--- EXTRACTED INFORMATION ---

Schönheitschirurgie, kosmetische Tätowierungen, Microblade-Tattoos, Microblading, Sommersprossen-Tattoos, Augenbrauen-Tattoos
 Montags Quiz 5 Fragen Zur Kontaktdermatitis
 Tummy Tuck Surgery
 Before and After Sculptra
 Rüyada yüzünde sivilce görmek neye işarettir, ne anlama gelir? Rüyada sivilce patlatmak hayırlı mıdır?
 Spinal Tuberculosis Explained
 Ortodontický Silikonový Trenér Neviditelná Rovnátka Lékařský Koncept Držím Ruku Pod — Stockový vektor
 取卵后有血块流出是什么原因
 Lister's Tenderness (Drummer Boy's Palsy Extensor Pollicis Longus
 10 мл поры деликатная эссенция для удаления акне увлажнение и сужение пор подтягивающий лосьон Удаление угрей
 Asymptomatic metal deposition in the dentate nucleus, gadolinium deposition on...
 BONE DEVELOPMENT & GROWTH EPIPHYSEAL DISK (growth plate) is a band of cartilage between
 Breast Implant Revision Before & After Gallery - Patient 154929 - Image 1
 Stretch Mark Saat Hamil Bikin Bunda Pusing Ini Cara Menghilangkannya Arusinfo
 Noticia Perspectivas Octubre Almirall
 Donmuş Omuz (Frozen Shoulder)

---

__TASK PROMPT__
Go through the records above and copy every line holding the word "After".

__ANSWER FOR THE TASK__
 Before and After Sculptra
 Breast Implant Revision Before & After Gallery - Patient 154929 - Image 1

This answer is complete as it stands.